Tensorflow: dataset or model is in wrong shape-CodePudding

I want to do some image processing. To do so, I put in an image and get back another one (a mask) For testing, my dataset consists of only one image and its mask:

train_data = tf.data.Dataset.from_tensors((img, mask))
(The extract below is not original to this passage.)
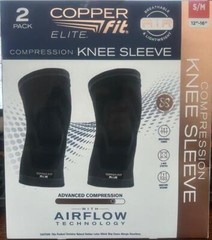 Copper Fit Elite Compression Knee Sleeve W/Air Flow Technology. 2 Pack. S/M
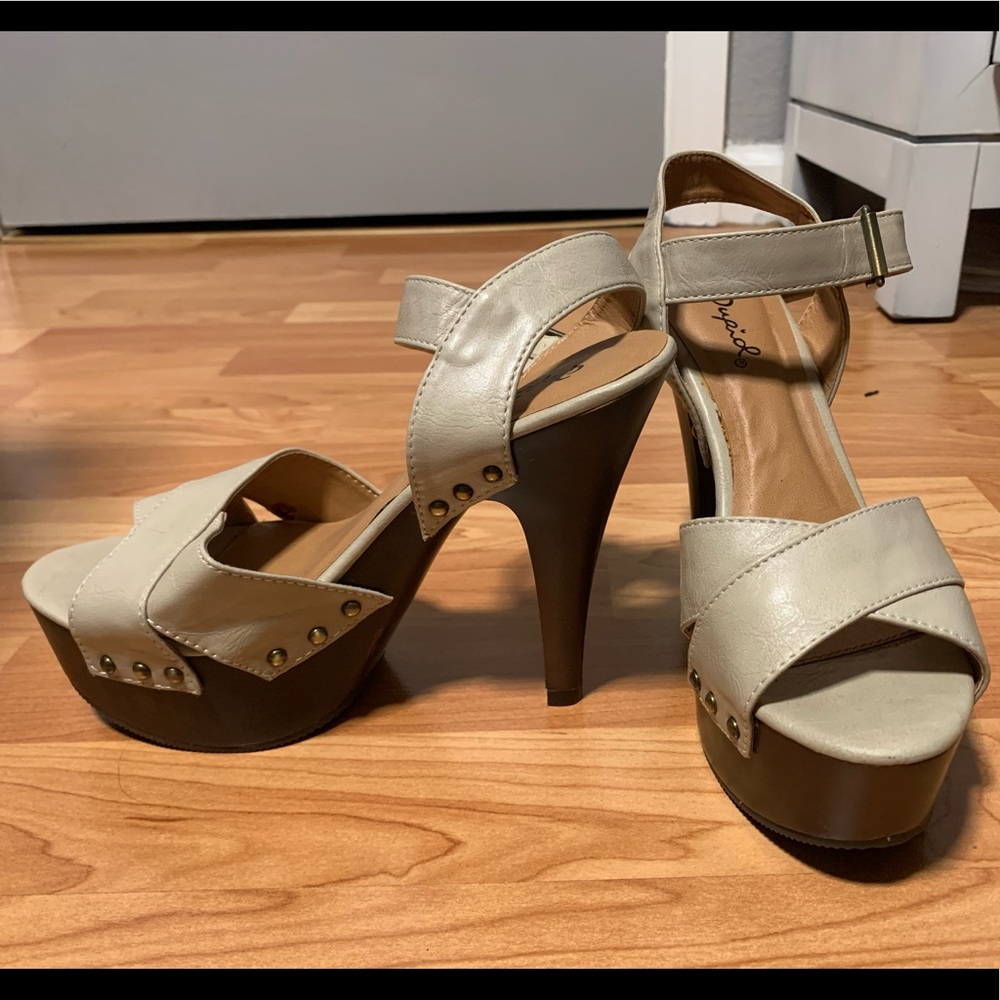 Qupid Cream High Heels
both are of shape (720, 1280, 3).

I tried using a simple model:

model = tf.keras.Sequential([
    tf.keras.layers.experimental.preprocessing.Rescaling(1./255, input_shape=(720, 1280, 3)),
    tf.keras.layers.Conv2D(128, 5, padding='same', activation='relu'),
    tf.keras.layers.MaxPooling2D(),
    tf.keras.layers.Conv2D(128, 5, padding='same', activation='relu'),
    tf.keras.layers.MaxPooling2D(),
    tf.keras.layers.Conv2DTranspose(2, [720, 1280])
])

model.compile(optimizer='adam', loss=tf.keras.losses.SparseCategoricalCrossentropy(from_logits=True), metrics=['accuracy'])

But recieve this error:

ValueError: Input 0 of layer "sequential_24" is incompatible with the layer: expected shape=(None, 720, 1280, 3), found shape=(720, 1280, 3)

I'm pretty sure that is very easy to fix, however I couldn't manage to do so. Basically the "array size" is missing. I tried playing around with [] and () or tf.data.Dataset.from_tensor_slices, but the best I could achieve was of shape (2, 720, 1280, 3) where the label column was missing then...

Any idea on how to correctly set up the dataset or adjust the model?

CodePudding user response：

You need batch dimension: from_tensors(([img], [mask]))
You need to modify your model because it produces the output with shape that does not match a mask shape

Complete example:

import tensorflow as tf
import numpy as np

img = np.zeros((720, 1280, 3), dtype=np.uint8)
mask = np.zeros((720, 1280, 1), dtype=np.uint8)
train_data = tf.data.Dataset.from_tensors(([img], [mask]))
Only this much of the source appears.